Data items
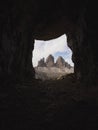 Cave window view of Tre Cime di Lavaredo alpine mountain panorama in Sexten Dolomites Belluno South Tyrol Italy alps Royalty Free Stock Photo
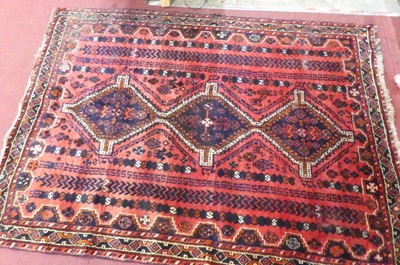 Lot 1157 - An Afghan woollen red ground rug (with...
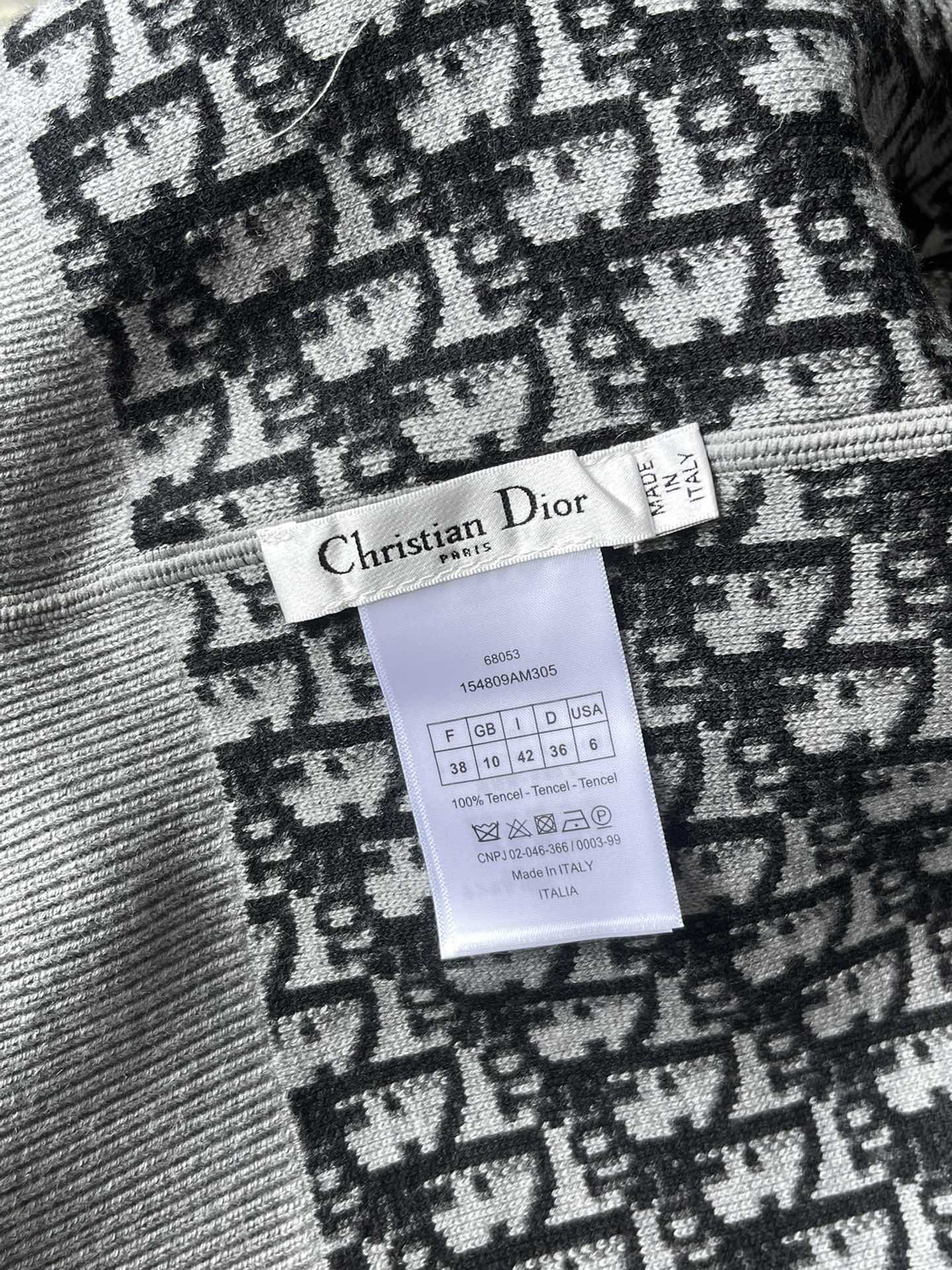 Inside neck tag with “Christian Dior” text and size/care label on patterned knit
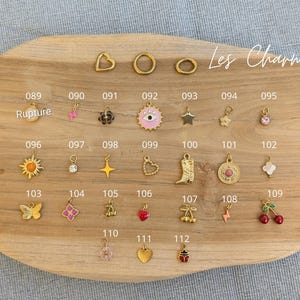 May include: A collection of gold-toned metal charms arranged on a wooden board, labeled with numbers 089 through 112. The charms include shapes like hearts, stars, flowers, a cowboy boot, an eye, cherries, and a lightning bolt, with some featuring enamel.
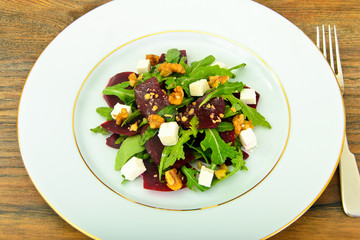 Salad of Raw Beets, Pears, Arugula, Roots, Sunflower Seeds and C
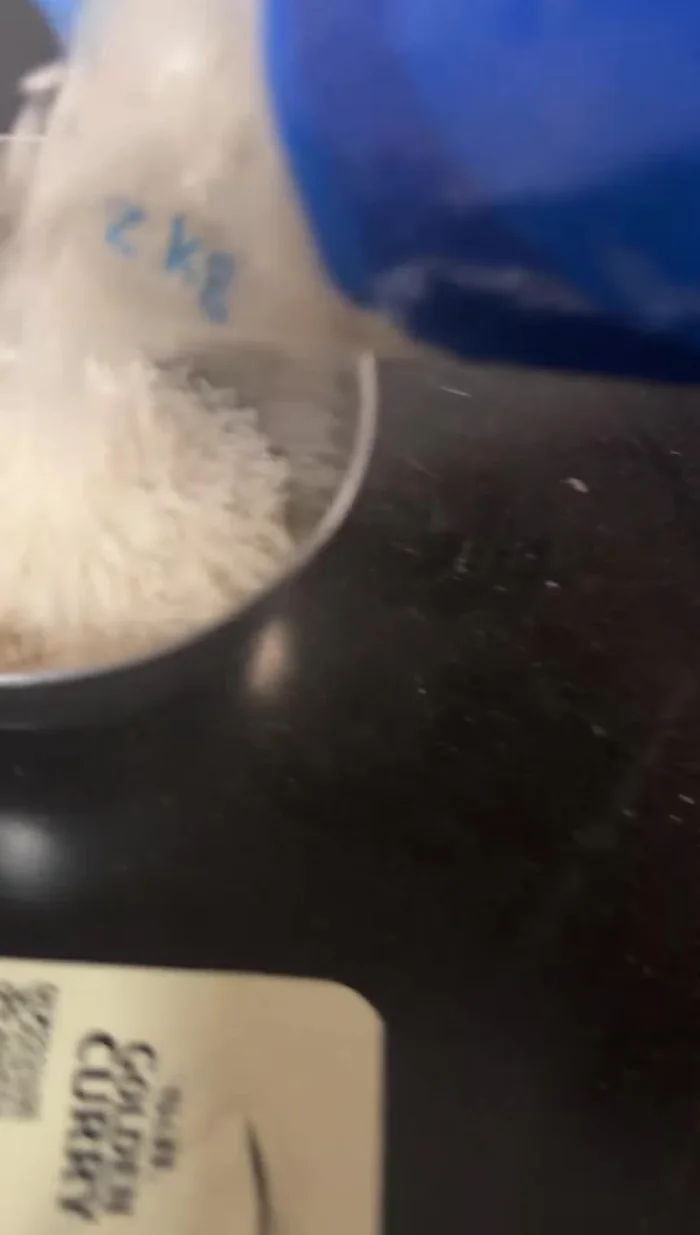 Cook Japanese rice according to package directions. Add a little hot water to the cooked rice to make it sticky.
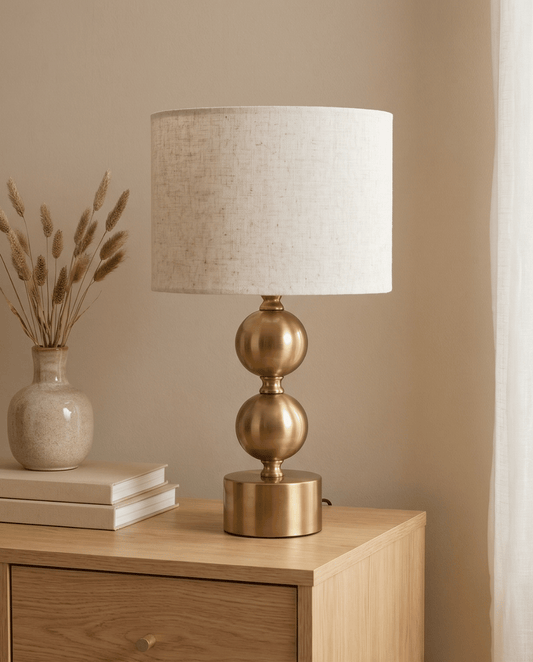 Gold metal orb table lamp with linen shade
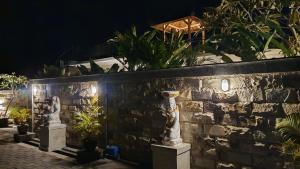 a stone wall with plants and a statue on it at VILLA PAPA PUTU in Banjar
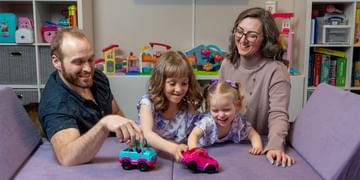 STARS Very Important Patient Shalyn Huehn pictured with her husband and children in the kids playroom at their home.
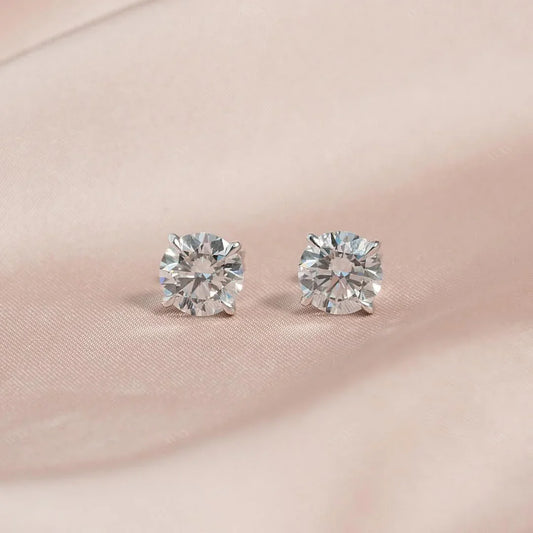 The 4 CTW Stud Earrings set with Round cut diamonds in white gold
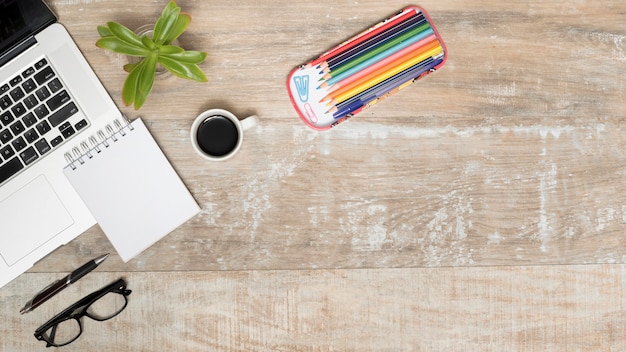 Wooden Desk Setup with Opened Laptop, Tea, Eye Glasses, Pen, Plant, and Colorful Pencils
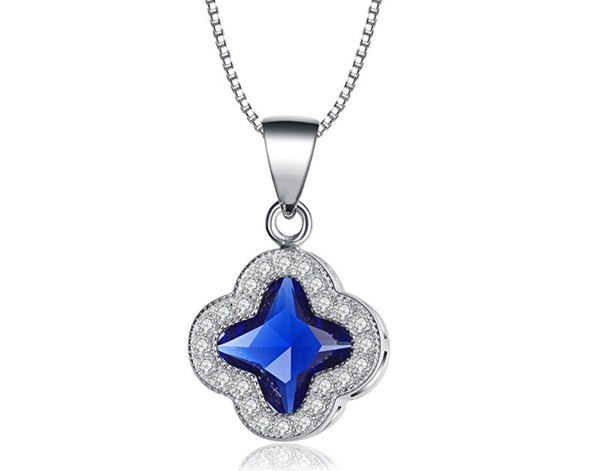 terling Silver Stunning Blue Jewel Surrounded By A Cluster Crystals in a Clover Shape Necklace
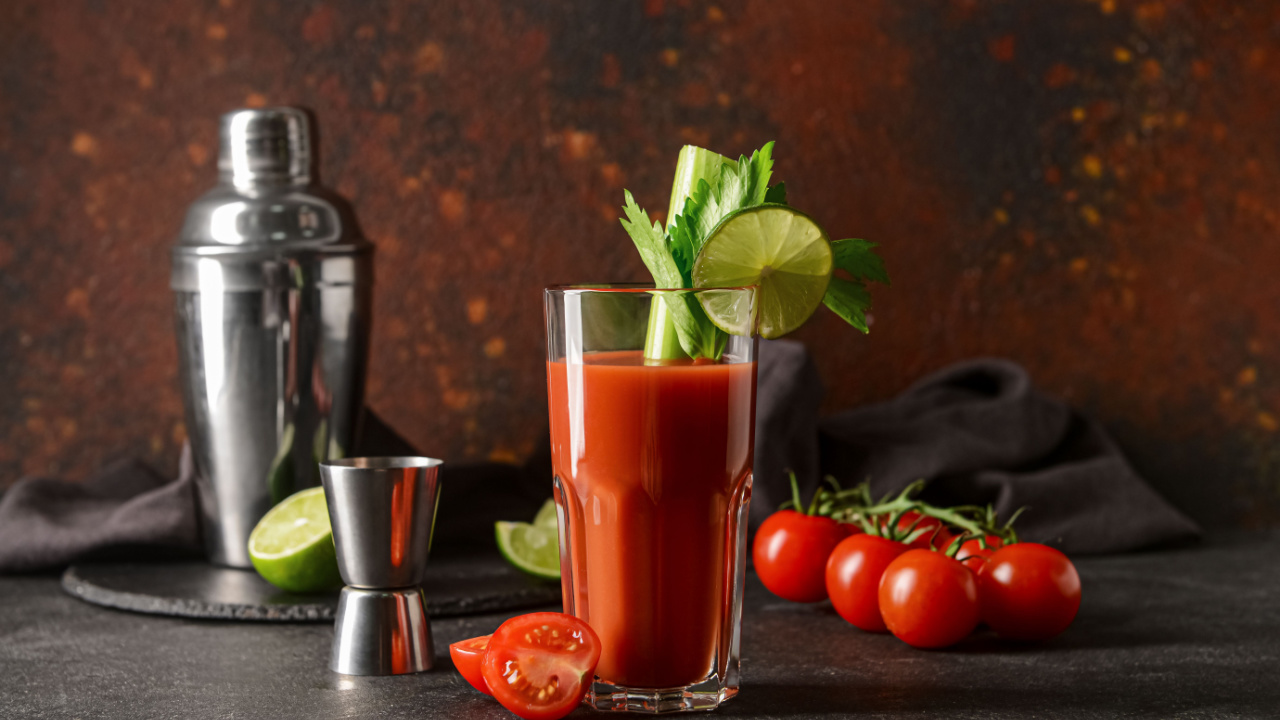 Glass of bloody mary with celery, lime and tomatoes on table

EXERCISE DESCRIPTION ▸
Although the records above contain pictures, the copy should not; retype exactly the lines from the one containing "May include: A" through the one containing "Cook Japanese rice".

EXERCISE SOLUTION ▸
 May include: A collection of gold-toned metal charms arranged on a wooden board, labeled with numbers 089 through 112. The charms include shapes like hearts, stars, flowers, a cowboy boot, an eye, cherries, and a lightning bolt, with some featuring enamel.
 Salad of Raw Beets, Pears, Arugula, Roots, Sunflower Seeds and C
 Cook Japanese rice according to package directions. Add a little hot water to the cooked rice to make it sticky.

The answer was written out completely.